KC Athletics is an American amateur soccer team based in Kansas City, Missouri, United States. Founded in 2001, the team plays in Region II of the United States Adult Soccer Association, a network of amateur leagues at the fifth tier of the American Soccer Pyramid.

The team's colors are white and sky blue.

==History==
Founded in 2001 as a merger of the Kansas Legends Soccer Club and the Kansas City Football Club, the KC Athletics won regionals in its first year competing in the Snickers Nationals, and ended up finishing third nationally in the competition. The following year, their Under-20 team won a national championship, but then the club went on hiatus with many of the players joining nearby PDL clubs like the Des Moines Menace and the Kansas City Brass. In 2004, the KC Athletics were reborn.

The Athletics entered the Lamar Hunt U.S. Open Cup for the first time in 2010, and qualified for the tournament at the first attempt, beating USOC mainstays AAC Eagles 5-3 on penalties in their final qualification game. They lost in the first round of the tournament proper, 4-2 to USSF Division 2 Professional League side NSC Minnesota Stars. The Athletics' goals were scored by Stephen Hoffman and Kyle Perkins.

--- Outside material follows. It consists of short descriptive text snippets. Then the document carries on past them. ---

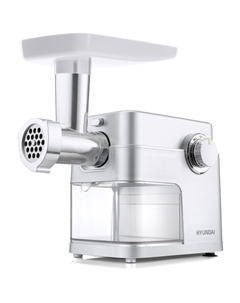 Электрическая мясорубка Hyundai HY-MG5591, 1.9 кВт, 2.4 кг/мин, серебристый (HY-MG5591)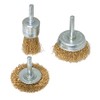 Silverline Brassed Steel Wire Wheel and Cup Brush Set 3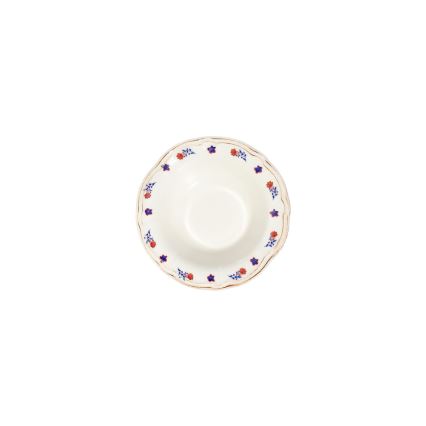 Serviesset 24-delig wit/blauw/rood/porselein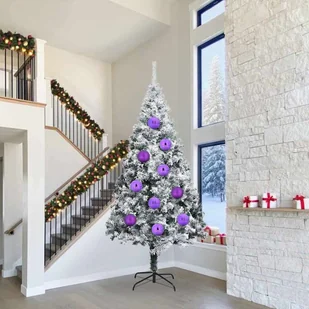 vidaXL Zestaw Bombek Choinkowych 4 pcs Liliowy - Bombki - miniaturka - grafika 1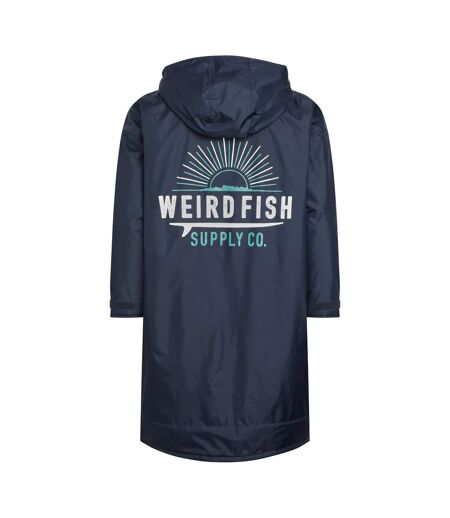 Unisex adult atlantic waterproof changing robe blue surf Weird Fish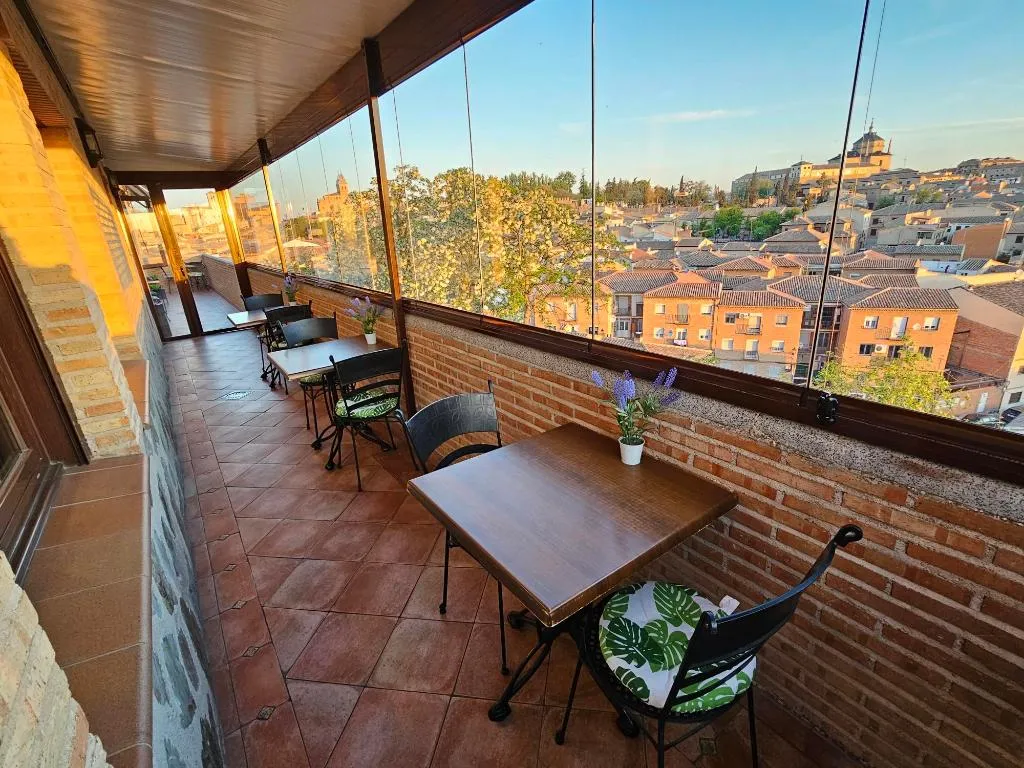 Terrace, Medina de Toledo, Madrid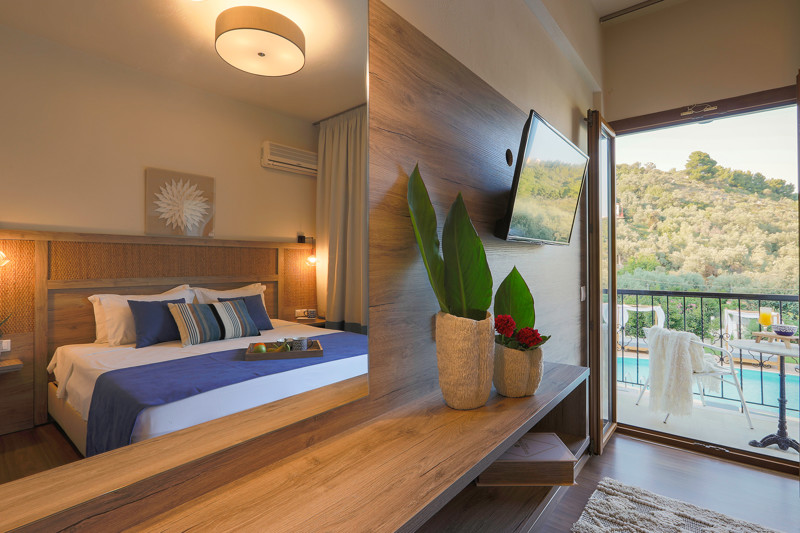 Skiathos Avaton. Deluxe Room Pool View Room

On April 14, 2012, the Athletics traveled to Chicago to play in the "Win and You're In" Region II Qualification match to earn a berth in the 2012 Lamar Hunt U.S. Open Cup. The Athletics defeated the Cincy Saints 10-2 to qualify for their second U.S. Open Cup berth since 2010.

==Players==

===2012 USASA roster===

| No. | Pos. | Nation | Player |
|---|---|---|---|
| — | DF | USA | Oran Andrews |
| — | GK | USA | Steven Grow |
| — | DF | USA | Ben Hicks |
| — | DF | USA | Stephen Hoffman |
| — | MF | USA | Martin Johnston |
| — | DF | USA | Coady Andrews |

| No. | Pos. | Nation | Player |
|---|---|---|---|
| — | MF | USA | Josh McDaniel |
| — | FW | USA | Garrett Webb |
| — | FW | USA | Kyle Perkins |
| — | MF | USA | Peter Kariotis |
| — | MF | USA | Chris Markey |
| — | DF | USA | Brian Williams |

==Year-by-year==

| Year | Division | League | Regular season | Playoffs | Open Cup |
|---|---|---|---|---|---|
| 2010 | 5 | USASA |  |  | First Round |

==Head coaches==
- USA Kyle Perkins (2009–present)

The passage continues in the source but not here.